**Records shown**
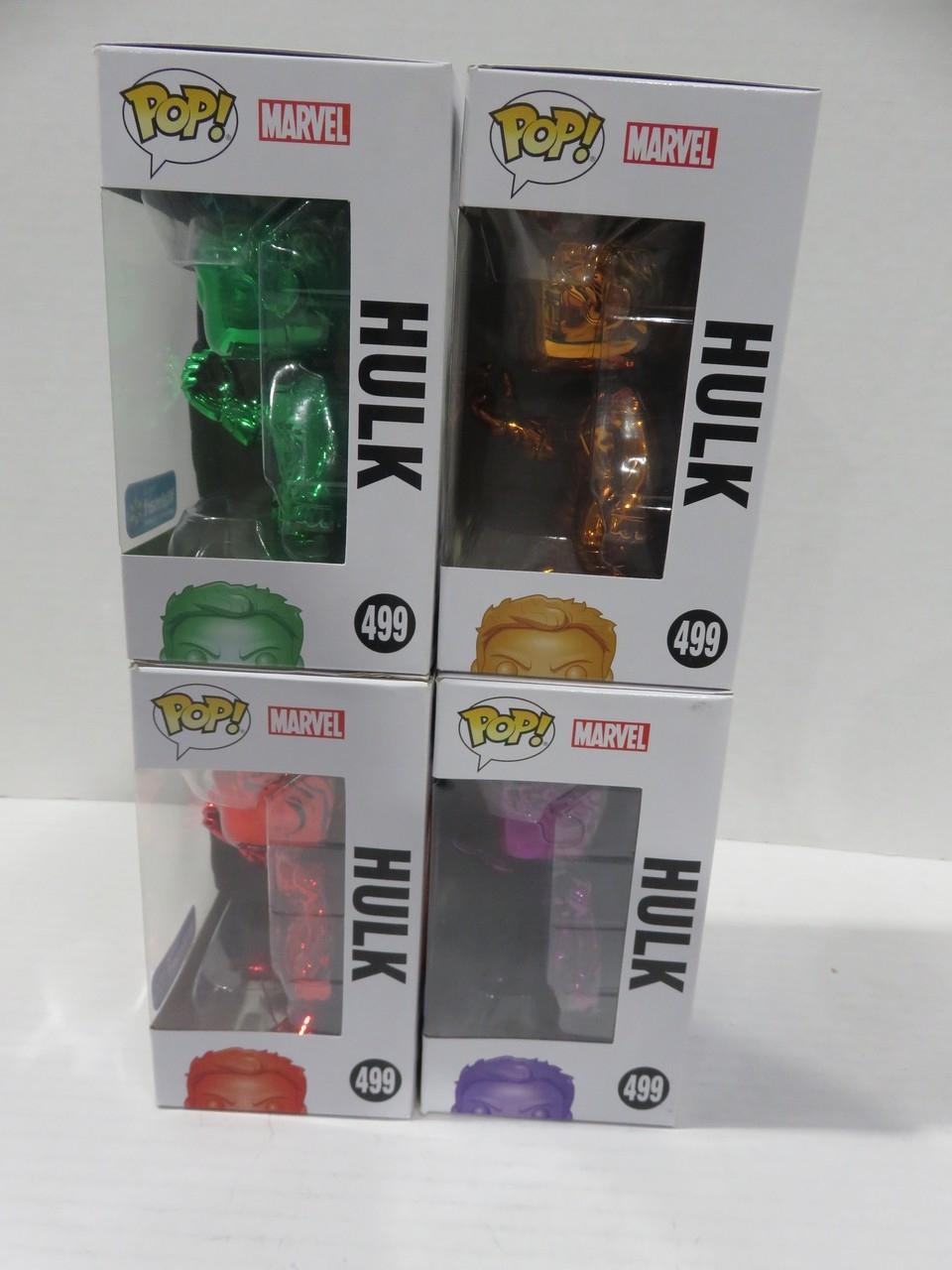 Hulk Chromium Funko Pop Set of (4)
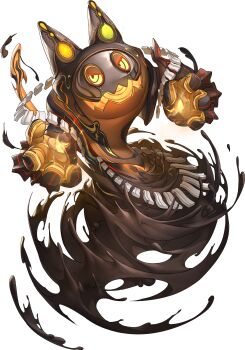 Rule 34 | animal ears, artist request, aura (persona), fire, highres, no humans, official art, open mouth, persona, persona (summon), persona 5, persona 5: the phantom x, third-party source, transparent background, yellow eyes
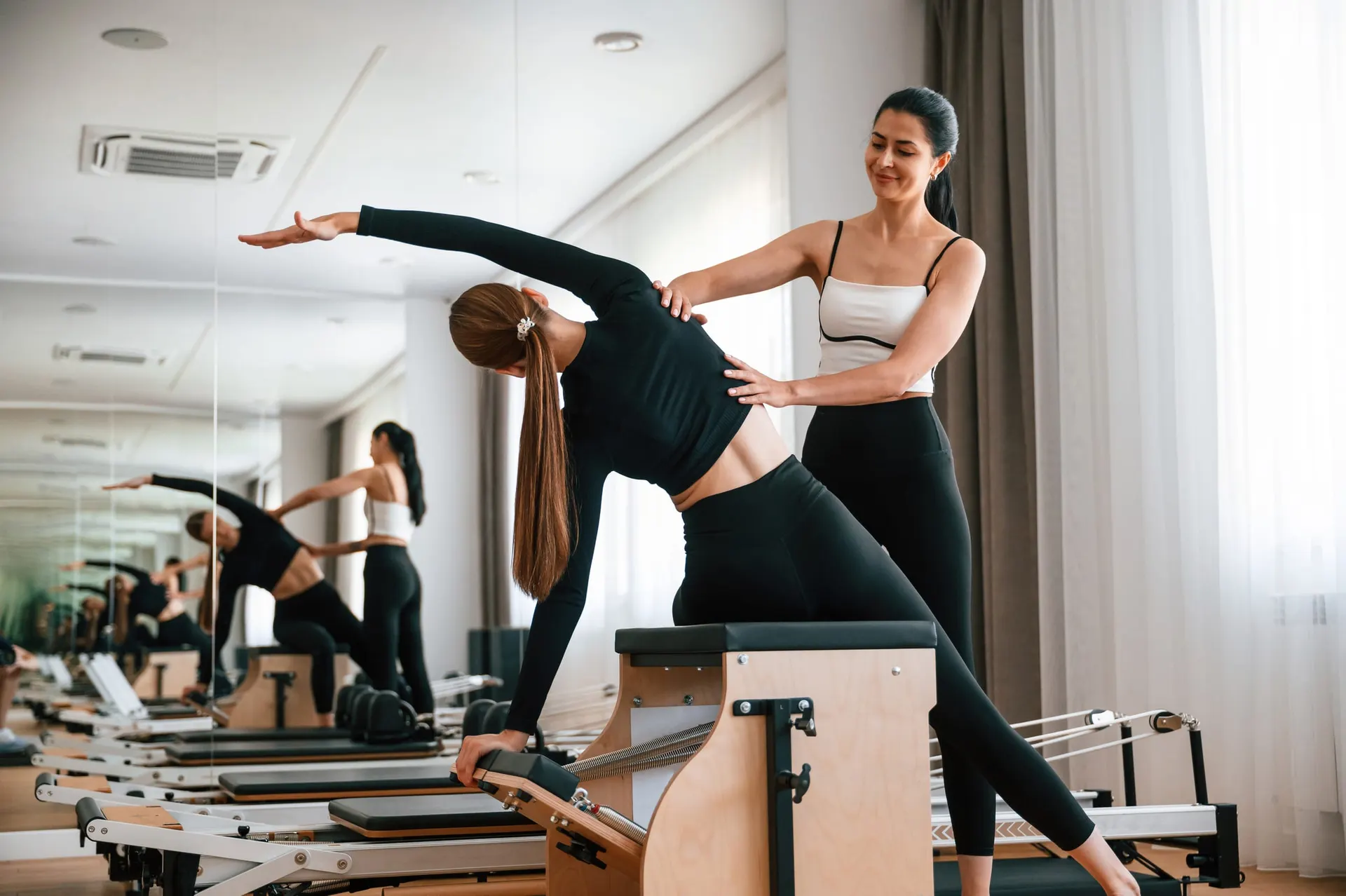 Sancak Aven Reformer Studio'da esneme çalışması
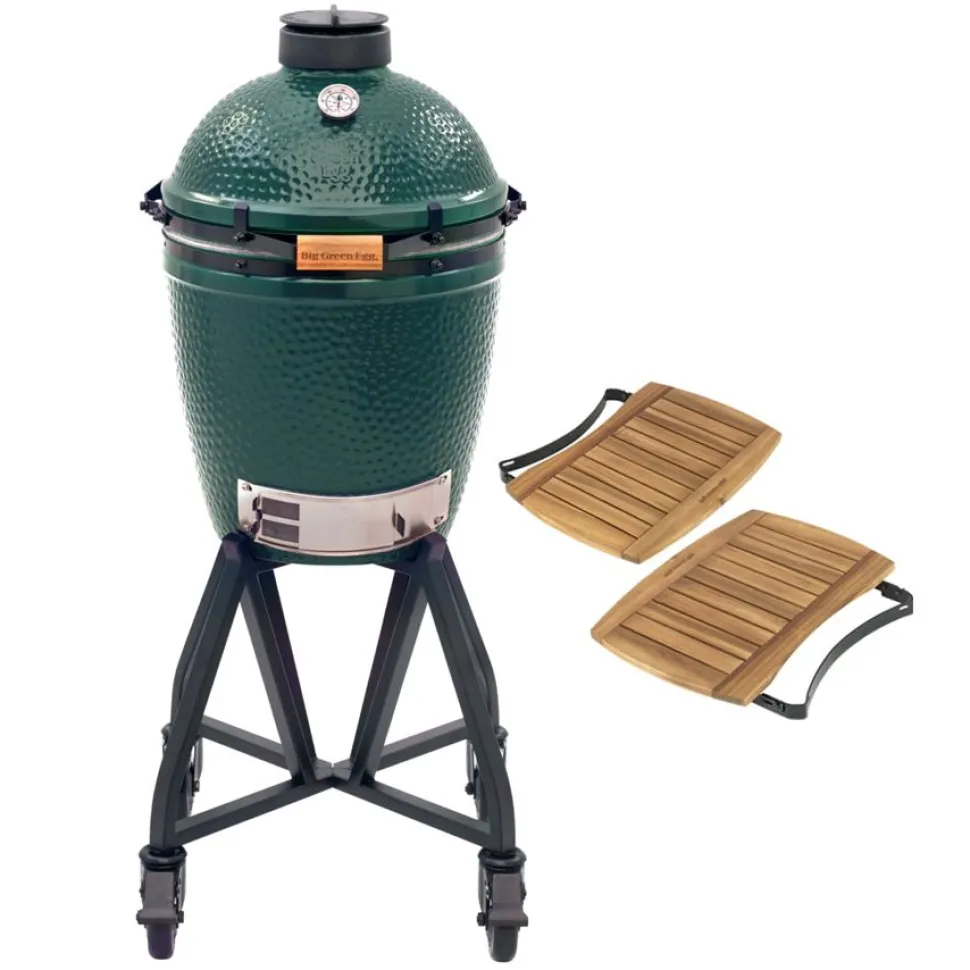 Big Green Egg Medium – met intEGGrated onderstel en acacia zijplankjes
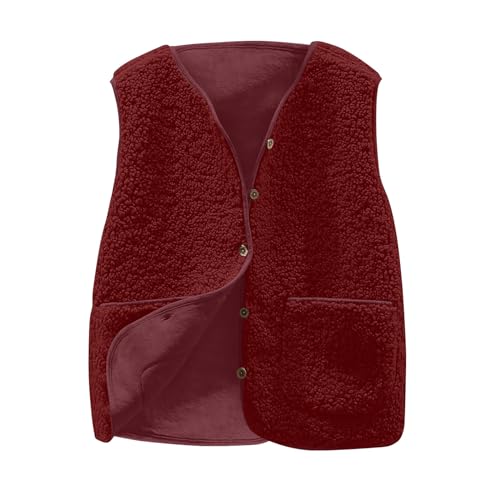 Damen Teddy Fleece Weste, Sale Fleeceweste Herbst Winter Warm Ärmellos Fellweste Pelzjacke Leicht Casual Einfarbig Plüschweste Herbstmantel V-Ausschnitt Lammwolle Samt Weste Lose Kurze Jacke Damen Teddy Fleece Weste, Sale Fleeceweste Herbst Winter Warm Ärmellos Fellweste Pelzjacke Leicht Casual Einfarbig Plüschweste Herbstmantel V-Ausschnitt Lammwolle Samt Weste Lose Kurze Jacke von HAOLEI
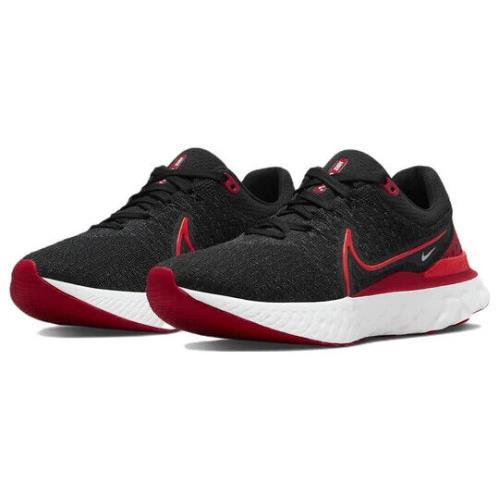 Nike React Infinity Run FK 3 Womens Size 6 Shoes DD3024 008 Black/ Red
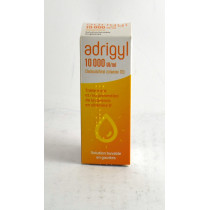 Adrigyl 10 000 IU/ml - Oral Solution Drops - Cholecalciferol or vitamin D3 - 10ml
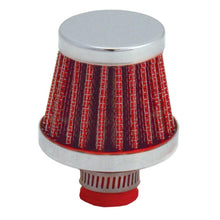 Load image into Gallery viewer, Spectre Engine Breather Filters Spectre Breather Filter 10mm Flange / 2in. OD / 1-3/4in. Height - Red
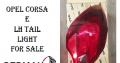 Opel Corsa E LH tail light for sale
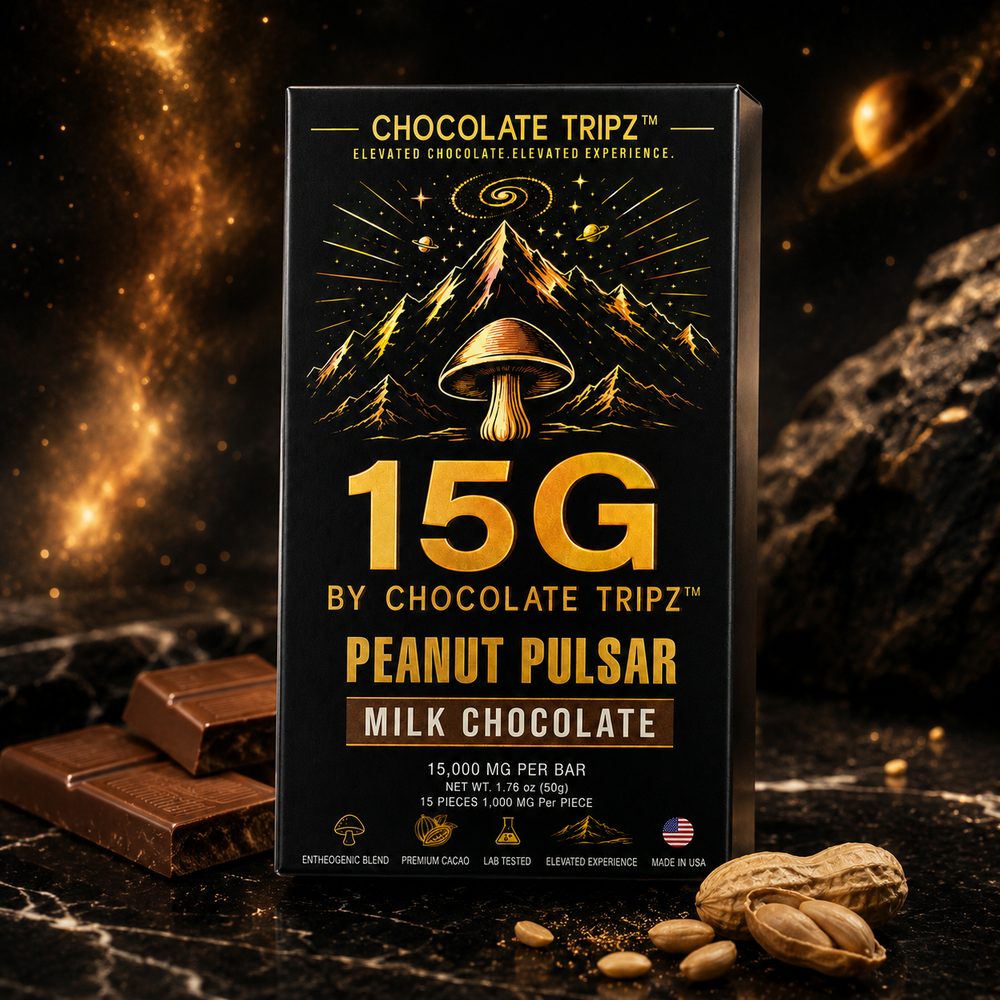 15G by Chocolate Tripz Entheogenic Mushroom Chocolate Bar Variety Pack (10/pack) [DROPSHIP]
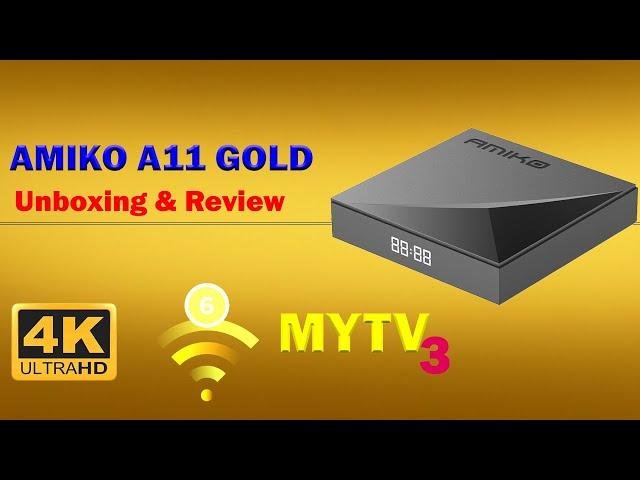 AMIKO A11 GOLD Unboxing & Review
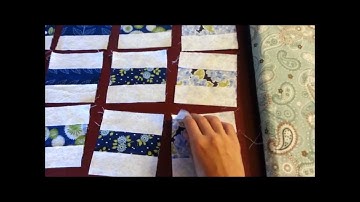 Quilting Time Saver: Chain Piecing Blocks
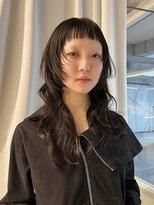 ダブ アオヤマ(DaB AOYAMA)&nbsp;顔まわりカット顔まわりレイヤーデザインカットロングウルフ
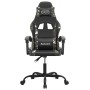 Silla gaming cuero sintético negro y camuflaje en Sillas gaming | Comprar online en Foru.es
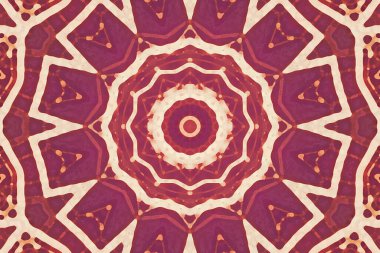 Kusursuz kaleydoskop, mandala soyut arkaplan görünümü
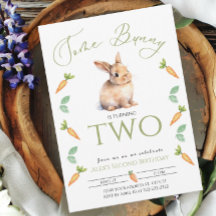 Some Bunny 2nd birthday Carrot Border-Customisable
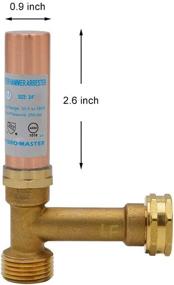 img 3 attached to HYDRO MASTER 0611001 Water Hammer Arrestor 💧 Tee, 3/4 in. FHT x 3/4&#34; in. MHT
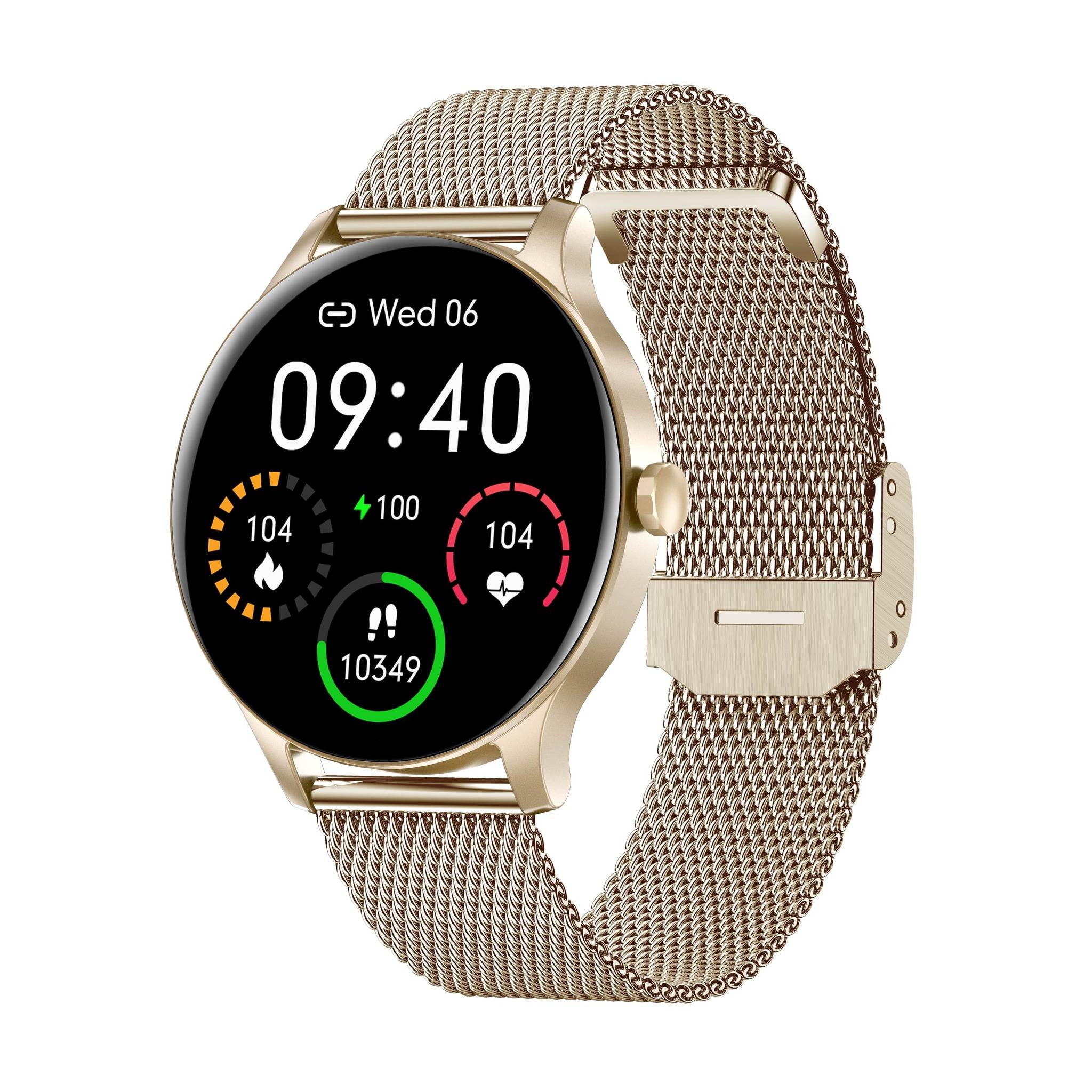 Smartwatch Garett Classy gold steel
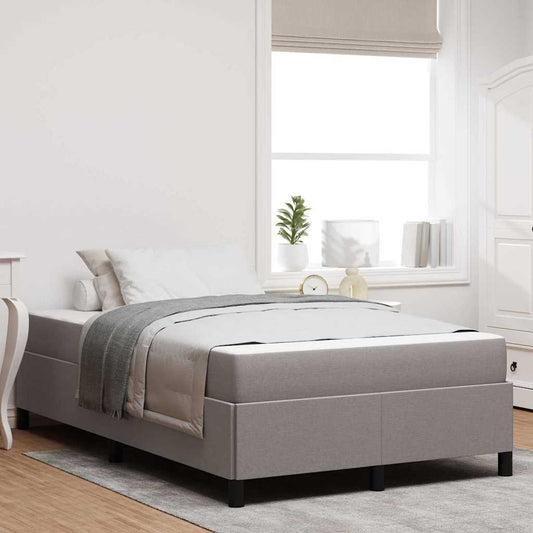 Boxspringbett Taupe und Schwarz 120 x 200 cm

**What the exercise asks**
After locating the line containing "Nike React Infinity" in the entries above, return it and every line after it exactly, ending at the line containing "AMIKO A11 GOLD Unboxing & Review", without pictures.

**Task output**
 Nike React Infinity Run FK 3 Womens Size 6 Shoes DD3024 008 Black/ Red
 Adrigyl 10 000 IU/ml - Oral Solution Drops - Cholecalciferol or vitamin D3 - 10ml
 Load image into Gallery viewer, Spectre Engine Breather Filters Spectre Breather Filter 10mm Flange / 2in. OD / 1-3/4in. Height - Red
 Opel Corsa E LH tail light for sale
 15G by Chocolate Tripz Entheogenic Mushroom Chocolate Bar Variety Pack (10/pack) [DROPSHIP]
 AMIKO A11 GOLD Unboxing & Review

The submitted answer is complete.